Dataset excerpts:

::::::::

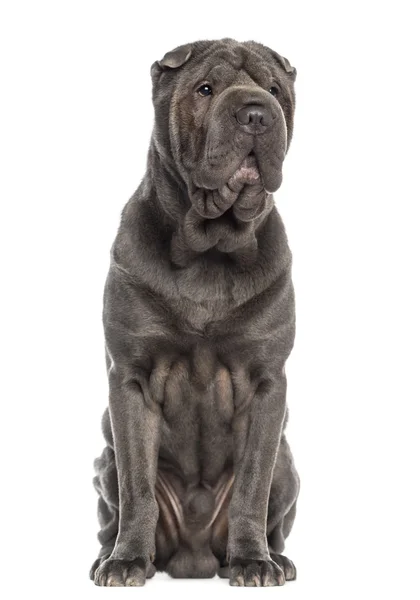 Shar Pei assis — Photo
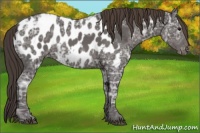 Horse Color:Smoky Black Ice Appaloosa Rabicano 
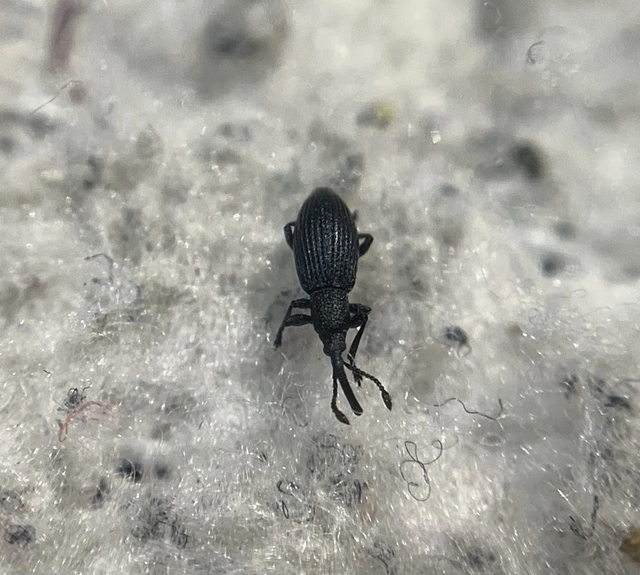 Ceratapion penetrans - lapátlábú cickányormányos Ceratapion penetrans - lapátlábú cickányormányos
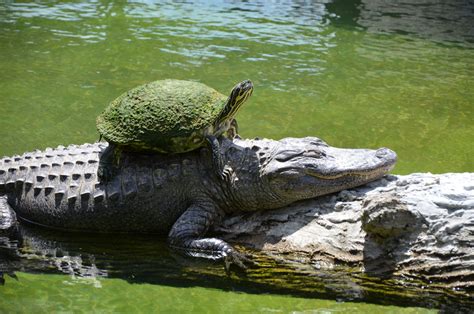 A Guide To Keeping Alligators As Pets The States That Allow It And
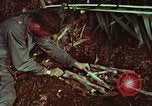 Image of survival techniques Philippines, 1968, second 55 stock footage video 65675072403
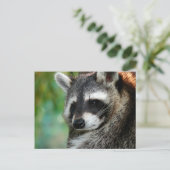 Raccoon 001 postkarte (Stehend Vorderseite)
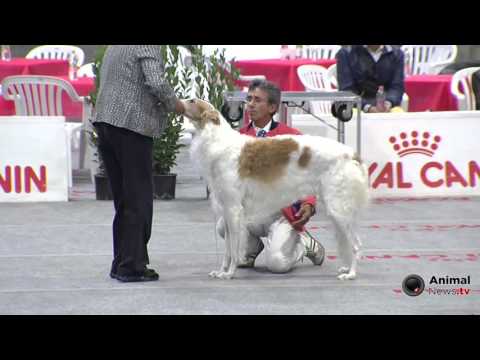 Bastia Umbra 2015 - Gruppo 10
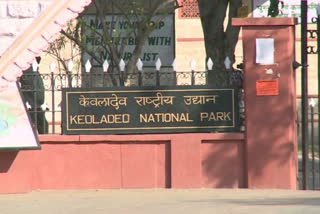 Bharatpur news, Woman raped in Bharatpur, Keoladeo National Park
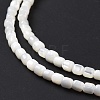 Natural Trochus Shell Beads Strands SSHEL-H070-02G-5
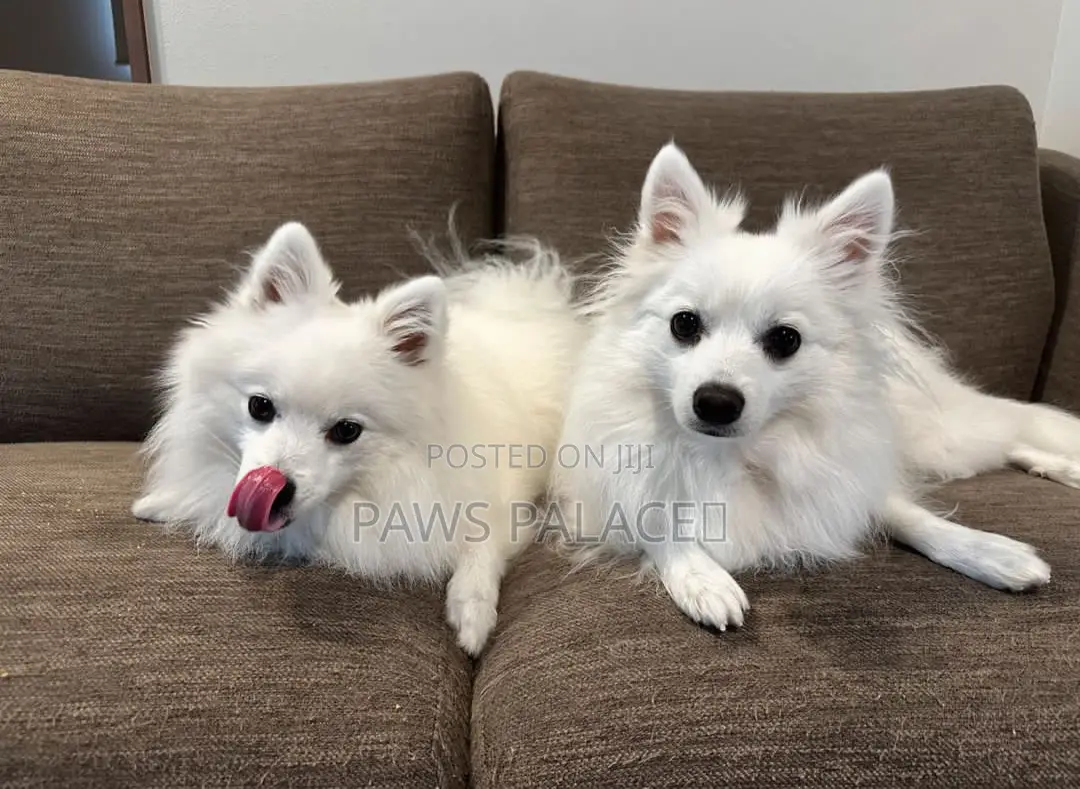 3-6 months Female Purebred Japanese Spitz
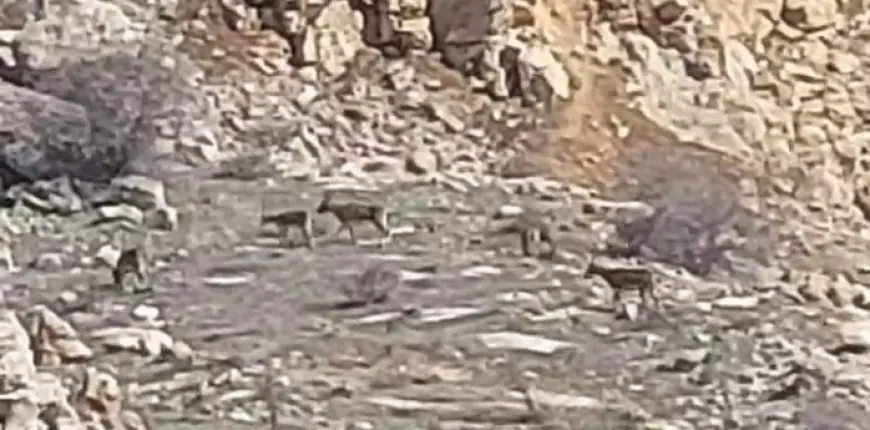 Malatya'da onlarca yaban keçisi sürü halinde görüntülendi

::::::::

# AIM OF THE TASK:
Reproduce verbatim, and only, the lines starting at the one that contains "3-6 months Female Purebred Japanese Spitz" and ending with the final line of the records; leave out the pictures.

# ANSWER TO THIS EXERCISE:
 3-6 months Female Purebred Japanese Spitz
 Malatya'da onlarca yaban keçisi sürü halinde görüntülendi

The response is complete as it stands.